For EA dose of 2500 to less than 4300 units/week or DA dose of 12 to less than 18 mcg/week, begin peginesatide at 3 mg/month.
For EA dose of 4300 to less than 6500 or DA dose of 18 to less than 25, begin peginesatide at 4 mg/month.
For EA dose of 6500 to less than 8900 units/week or DA dose of 25 to less than 35 mcg/week, begin peginesatide at 5 mg/month.
For EA dose of 8900 to less than 13,000 units/week or DA dose of 35 to less than 45 mcg/week, begin peginesatide at 6 mg/month.
For EA dose of 13,000 to less than 19,000 units/week or DA dose of 45 to less than 60 mcg/week, begin peginesatide at 8 mg/month.
For EA dose of 19,000 to less than 33,000 units/week or DA dose of 60 to less than 95 mcg/week, begin peginesatide at 10 mg/month.
For EA dose of 33,000 to less than 68,000 units/week or DA dose of 95 to less than 175 mcg/week, begin peginesatide at 15 mg/month.
For EA dose of greater than or equal to 68,000 units/week or DA dose of greater than or equal to 175 mcg/week, begin peginesatide at 20 mg/month.
The first dose of peginesatide should be administered one week after the last epoetin alfa dose was administered or at the next scheduled dose in place of darbepoetin alfa.
Precautions
Evaluate the iron status in all patients before and during treatment and maintain iron repletion. Correct or exclude other causes of anemia (vitamin deficiency, metabolic or chronic inflammatory conditions, bleeding, etc.) before initiating peginesatide. Administer supplemental iron therapy when serum ferritin is less than 100 mcg/L or when serum transferrin saturation is less than 20%.
Initiate peginesatide treatment only when the hemoglobin level is less than 10 g/dL.
Following initiation of therapy and after each dose adjustment, monitor hemoglobin every 2 weeks until the hemoglobin is stable and sufficient to minimize the need for RBC transfusion. Thereafter, hemoglobin should be monitored at least monthly provided hemoglobin levels remain stable.
Appropriately control hypertension prior to initiation of and during treatment with peginesatide. Reduce or withhold peginesatide if blood pressure becomes difficult to control.

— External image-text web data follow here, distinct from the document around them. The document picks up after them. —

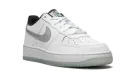 Air Force 1 LV8 KSA GS "White / Glacier Blue"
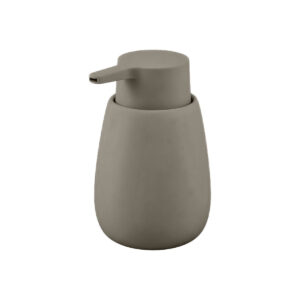 ESTIA ΑΝΤΛΙΑ ΣΑΠΟΥΝIOY FJORD SOFT ΚΕΡΑΜΙΚΗ 350ml DRIFTWOOD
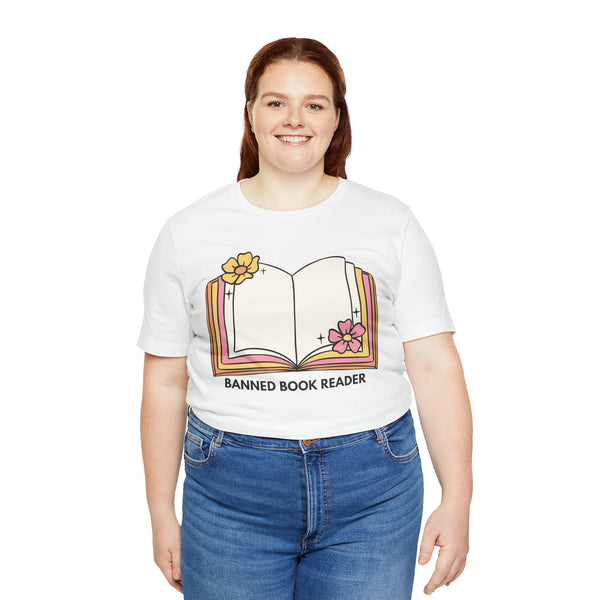 Banned Book Tee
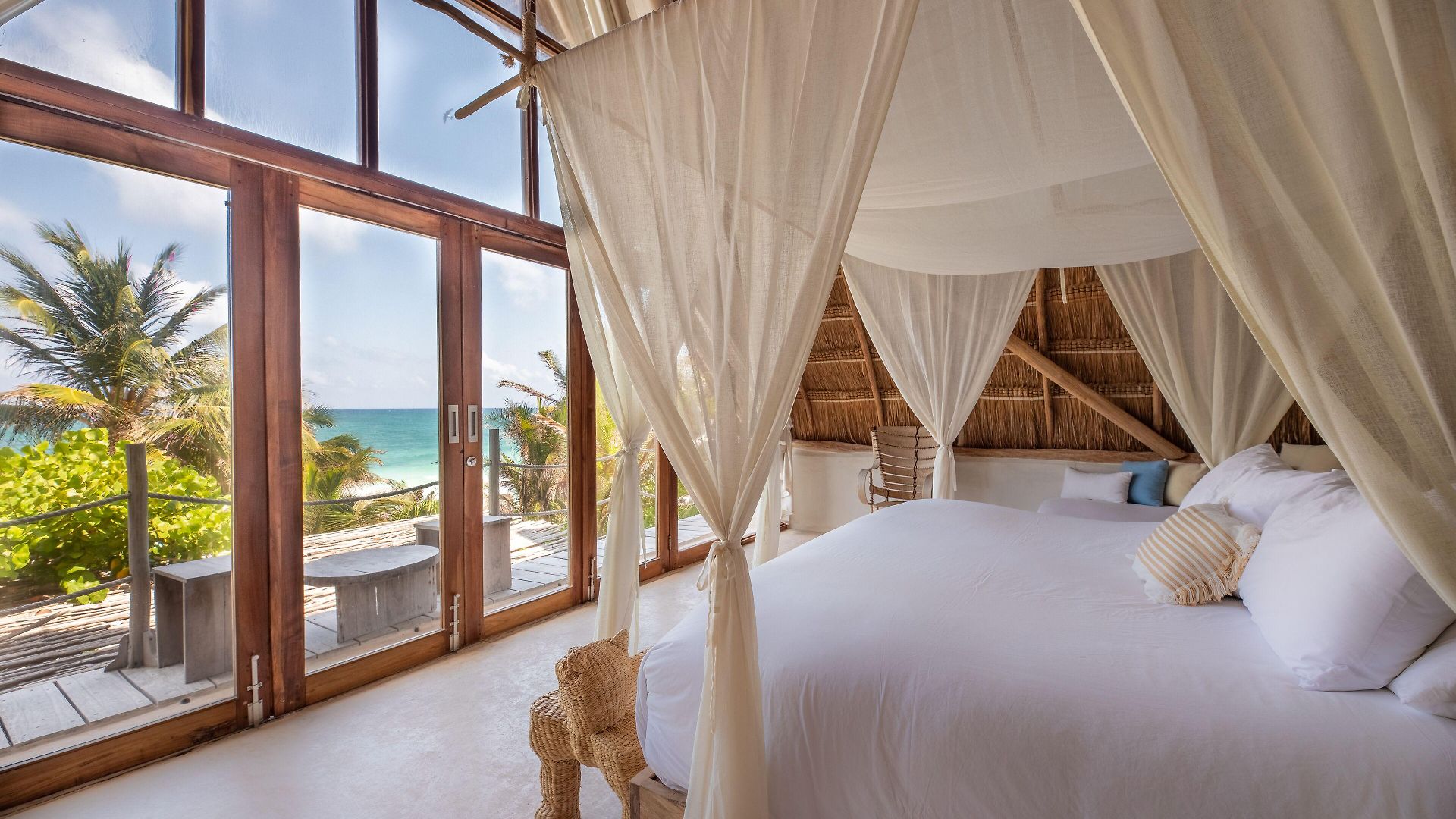 La Valise Tulum, Member Of Small Luxury 5*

Safety and effectiveness have not been established in pediatric patients (less than 18 years of age).
Dialysis
See dosing section above.
Other Comments
The US FDA requires a Risk Evaluation and Mitigation Strategy (REMS) for peginesatide. It includes a communication plan. Additional information is available at www.fda.gov/Drugs/DrugSafety/PostmarketDrugSafetyInformationforPatientsandProviders/ucm111350.htm.

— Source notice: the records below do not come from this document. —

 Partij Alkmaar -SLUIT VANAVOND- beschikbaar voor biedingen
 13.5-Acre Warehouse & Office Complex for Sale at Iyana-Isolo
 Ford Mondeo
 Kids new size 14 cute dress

If a dose of peginesatide is missed, administer the missed dose as soon as possible and restart peginesatide at the prescribed once monthly dosing frequency.
Peginesatide should be stored refrigerated at 36 degrees to 46 degrees Fahrenheit (2 to 8 degrees Celsius). Protect from light. Retain in carton until time of use.
Use the single use vial or single use prefilled syringe only one time and discard any unused portion.
Store unused portions of peginesatide in multiple use vials at 36 degrees to 46 degrees Fahrenheit (2 to 8 degrees Celsius). Discard 28 days after first use.
Do not use if the tamper evident seal on the carton is broken or missing.
Do not dilute peginesatide and do not administer in conjunction with other drug solutions.
Peginesatide should be inspected visually for particulate matter and coloration prior to administration. Do not use any vials or prefilled syringes of peginesatide exhibiting particulate matter or a coloration other than colorless to slightly yellow.